__Data provided__
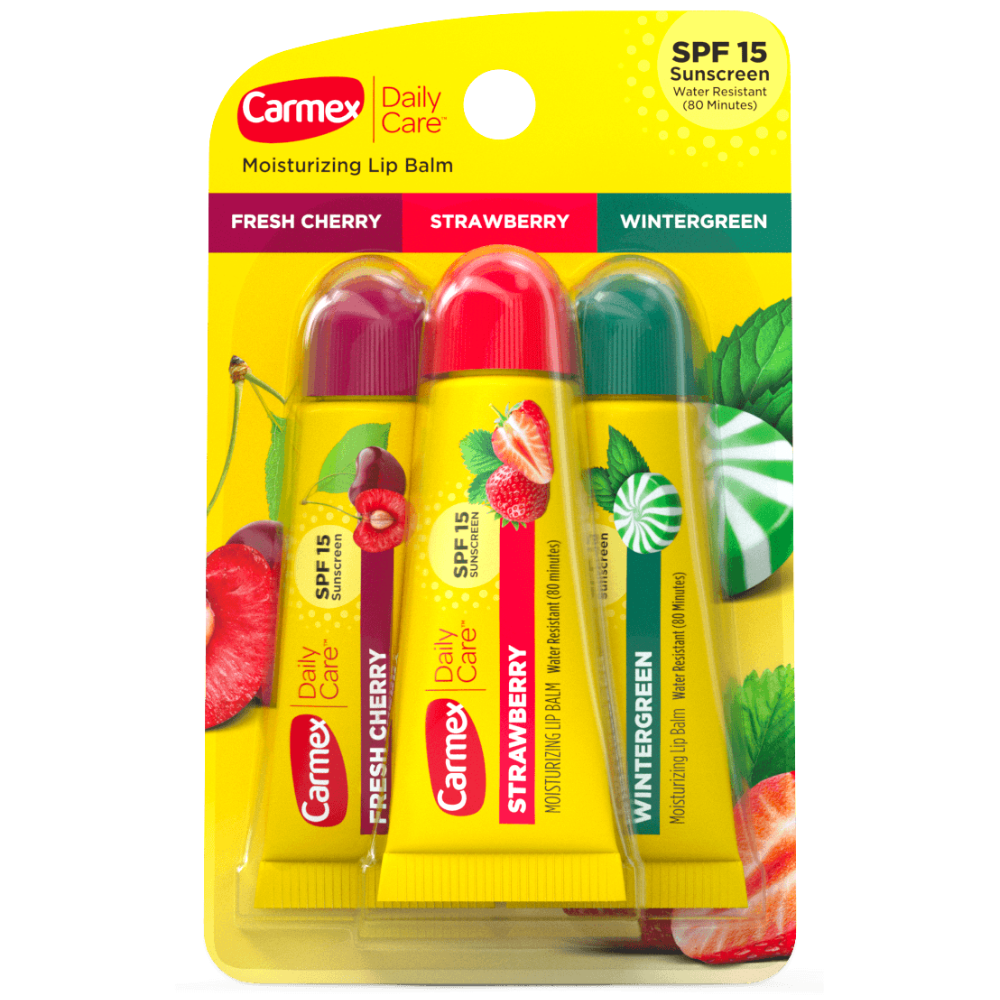 Бальзами для губ Carmex Daily Care Moisturizing Lip Balm Pack Cherry, Strawberry, Wintergreen 3 х 10 г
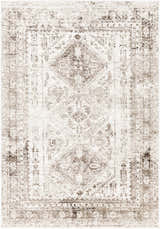 Close-up of the Gali Area Rug showcasing its traditional, faded driftwood pattern and cream and brown color palette. Design-Rectangle-5373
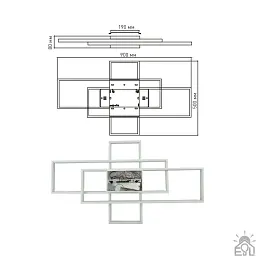 Керована світлодіодна люстра SVEN 123W 3S SMART 900x500x80-WHITE-220-IP20 ESLLSE - мініатюра 9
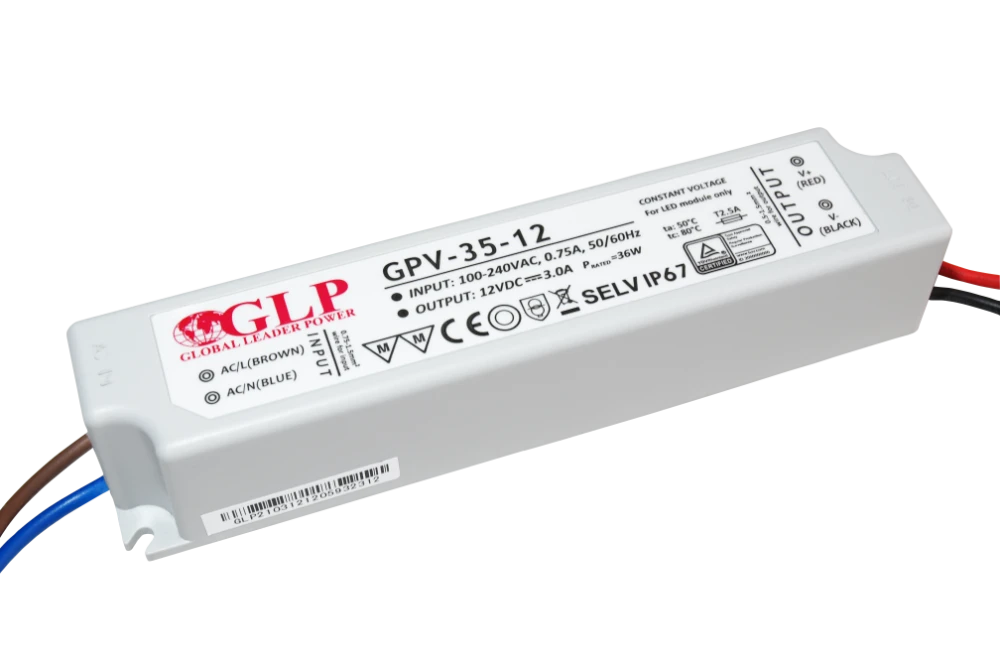 36W LED Maitinimo šaltinis GLP 12V IP67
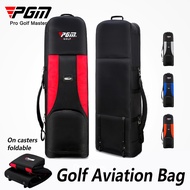 PGM Golf Aviation Bag, Thickened Double Layer Aircraft Bag with Pulley Golf Bag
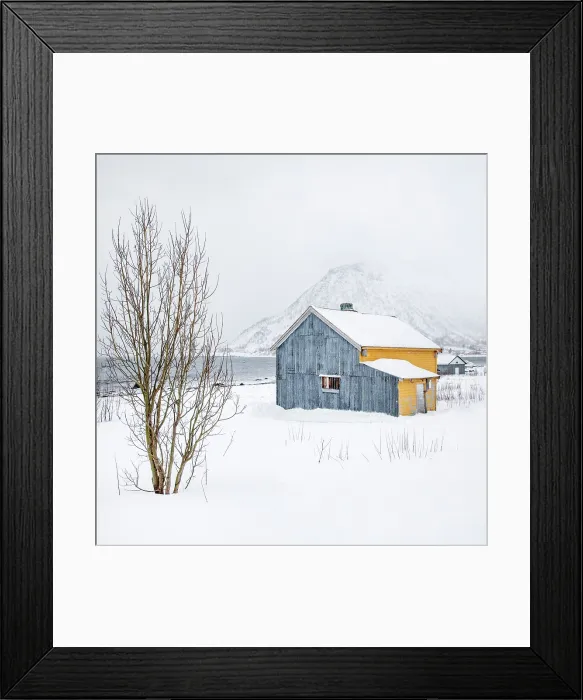 Framed Print : Old yellow and blue timber house in the snow, Senjahopen, Senja, Norway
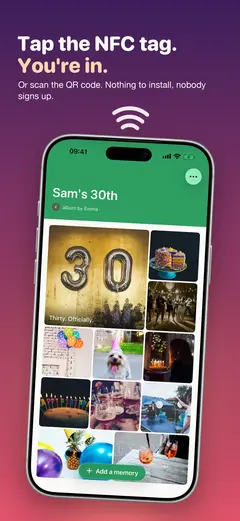 Гость подносит телефон к NFC-метке, и альбом открывается в App Clip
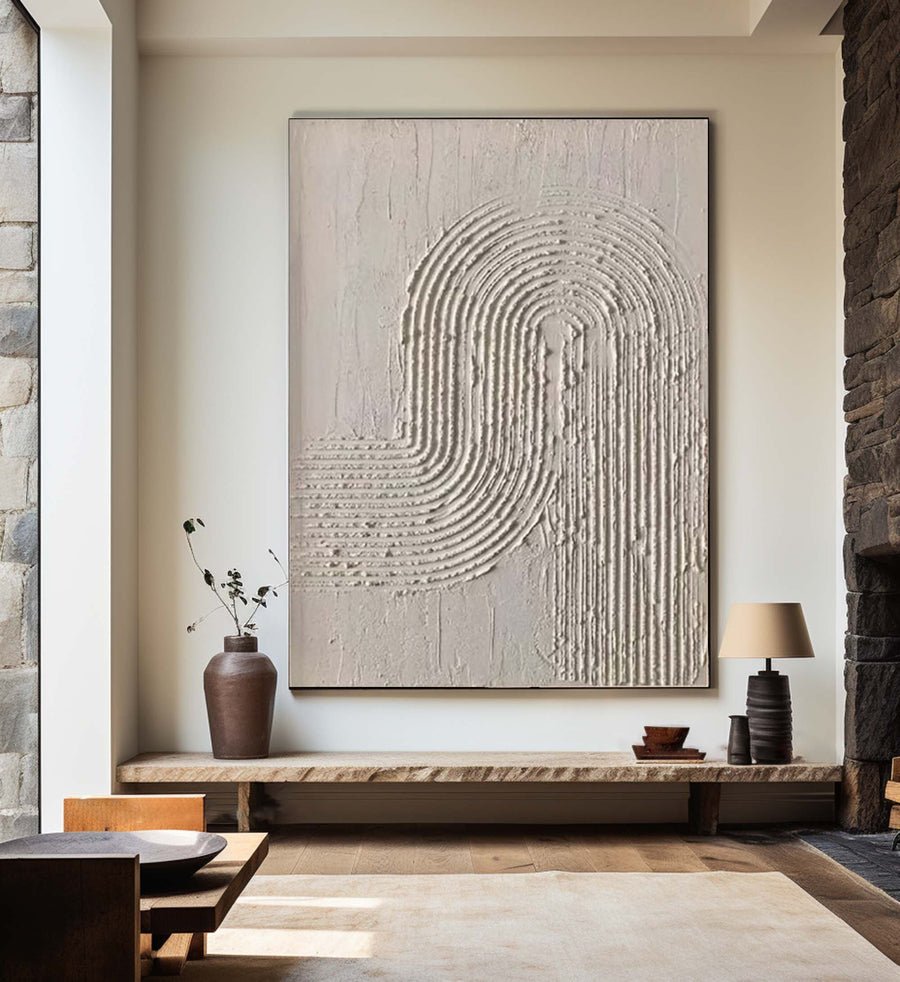 Beige & Brown Abstract Painting #CXA 021 hand-painted oil painting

__Work required__
Would you set down each line of the data exactly, with no images included?

__Response__
 Бальзами для губ Carmex Daily Care Moisturizing Lip Balm Pack Cherry, Strawberry, Wintergreen 3 х 10 г
 Close-up of the Gali Area Rug showcasing its traditional, faded driftwood pattern and cream and brown color palette. Design-Rectangle-5373
 Керована світлодіодна люстра SVEN 123W 3S SMART 900x500x80-WHITE-220-IP20 ESLLSE - мініатюра 9
 36W LED Maitinimo šaltinis GLP 12V IP67
 PGM Golf Aviation Bag, Thickened Double Layer Aircraft Bag with Pulley Golf Bag
 Framed Print : Old yellow and blue timber house in the snow, Senjahopen, Senja, Norway
 Гость подносит телефон к NFC-метке, и альбом открывается в App Clip
 Beige & Brown Abstract Painting #CXA 021 hand-painted oil painting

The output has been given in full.